Through thick and thin: Chemical strategies towards unique electronic and optical landscapes in atomically precise one-dimensional solids

The physical properties of solids are inherently coupled to their structure and dimensionality. As such, the discovery of nascent physical phenomena and the realization of complex miniaturized devices in the solid state have incessantly relied upon the creation of stable low-dimensional crystals that approach the atomic limit. Towards this end, us in the Maxx Lab are focused towards the discovery and chemical understanding of several classes of crystalline solid state materials comprising of sub-nanometer-thick inorganic chains that are held together by weak van der Waals (vdW) or ionic interactions. Such 1D and quasi-1D structures could be thought of as freestanding “edge states” or “all-inorganic polymers” and could bridge the underexplored chemical and physical knowledge gap that exists between atomically precise 2D and 0D solids. In this seminar, I will present our efforts in elucidating the distinct chemical interactions which govern the structure, dimensionality, assembly, and physical properties of crystals comprised of weakly-bound inorganic chains. My talk will focus on our advances in: (1) the discovery of a rare class of helical inorganic vdW solids and how compositional substitution in these modular phases could lead to a broad range of helical structures, emergent spin textures, accessible optical states, and highly sensitive stimulus-responsive behavior; and (2) the precision control of the bottom-up chemistry involved the inter-chain crystallization of optically- and electronically-active 1D and quasi-1D vdW crystals into dimensionally resolved nanostructures (chains, nanowires, quasi-2D nanosheets) that approach the sub-nanoscale regime. Through these thematic and convergent efforts, we define the synthetic and materials design rules that dictate the directed synthesis, complex atomic scale ordering, and anisotropic physical properties of several emergent classes of 1D and quasi-1D vdW materials that are poised to become building blocks in next-generation quantum, energy, and sensing technologies. 

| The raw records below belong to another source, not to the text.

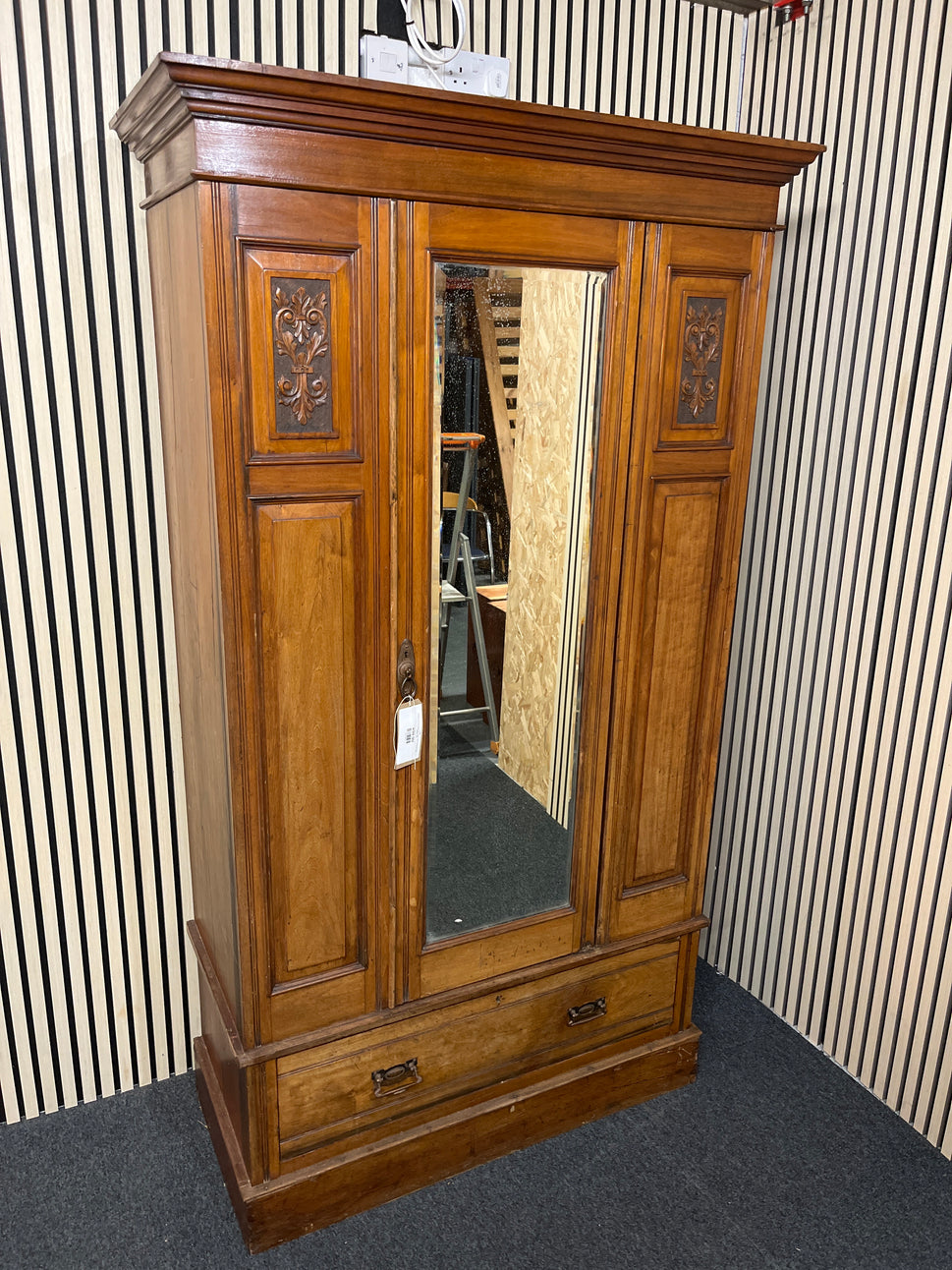 Antique dark mahogany tall ornate single door wardrobe with details (H 200 x W 112 x D 50 cm) 1425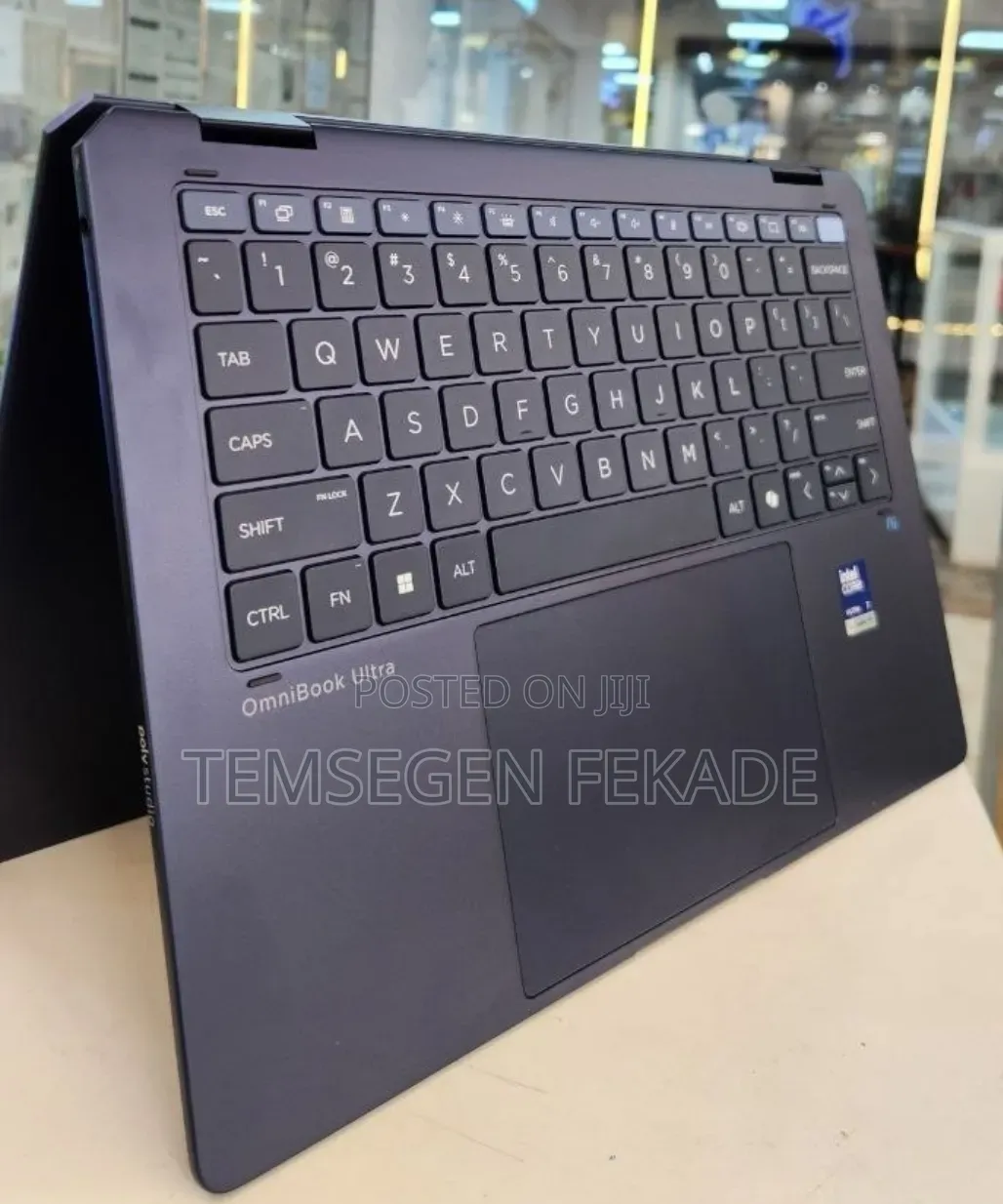 New Laptop HP OmniBook Ultra Flip 14" 32GB Intel Core Ultra 7 SSD 1T
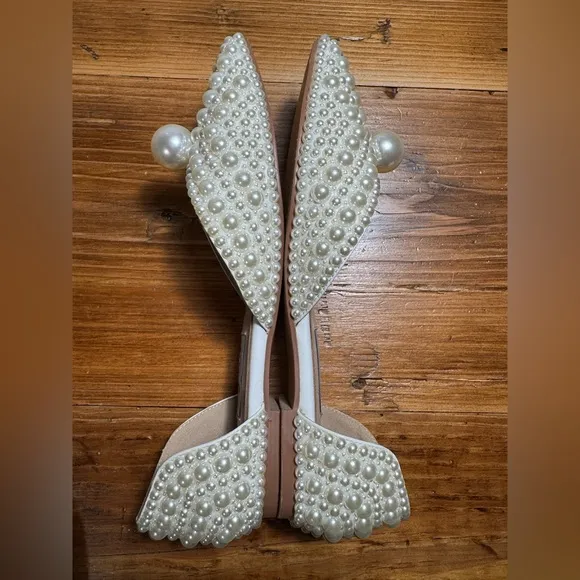 Ling Chan All Over Pearl Embellishment Ivory Pointed Toe Bridal Flats Sz 38/7.5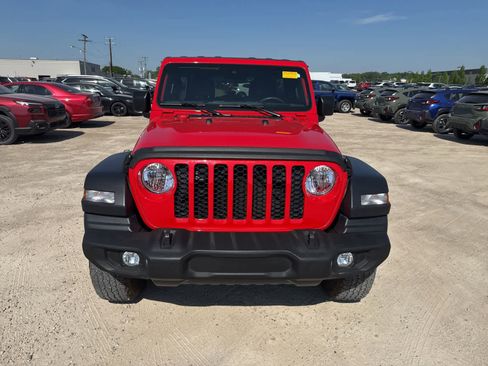 Used 2024 Jeep Wrangler Unlimited Sport AWD/4WD image 10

Bio: Maxx Q. Arguilla originates from the Philippines. He obtained his B.S. in Chemistry from the University of the Philippines Diliman, cum Laude, in 2011. After a one-year junior instructor position at UPD, he moved to the US and completed his Ph.D. in Inorganic Chemistry from The Ohio State University with Professor Joshua Goldberger in 2017. His dissertation centered on the electronic, optical, and magnetic properties and applications of new two-dimensional solid state lattices in the bulk and at the nanoscale. He then moved to MIT as postdoctoral fellow in Professor Mircea Dinca’s group, where he focused on the growth of one-dimensional van der Waals crystals and the evolution of their physical properties as they transform into ultrathin nanowires and on establishing the fundamental anisotropic physical properties of two-dimensional metal-organic frameworks. In July 2020, Professor Arguilla joined the UC Irvine Department of Chemistry as a tenure-track Assistant Professor. He is an affiliate faculty of the Department of Chemical and Biomolecular Engineering and the Solutions that Scale Initiative. He also serves as a member of the advisory board of both the Eddleman Quantum Institute and the American Chemical Society’s Chemical & Engineering News. Professor Arguilla is the recipient of the NSF CAREER Award and a finalist (grand winner to be announced) for the Dream Chemistry Award of the Polish and Czech Academy of Sciences. He was named as one of Chemical & Engineering News’ Talented Twelve honorees in 2023 and as Matter’s 35 PIs under 35 in Materials Science in 2024.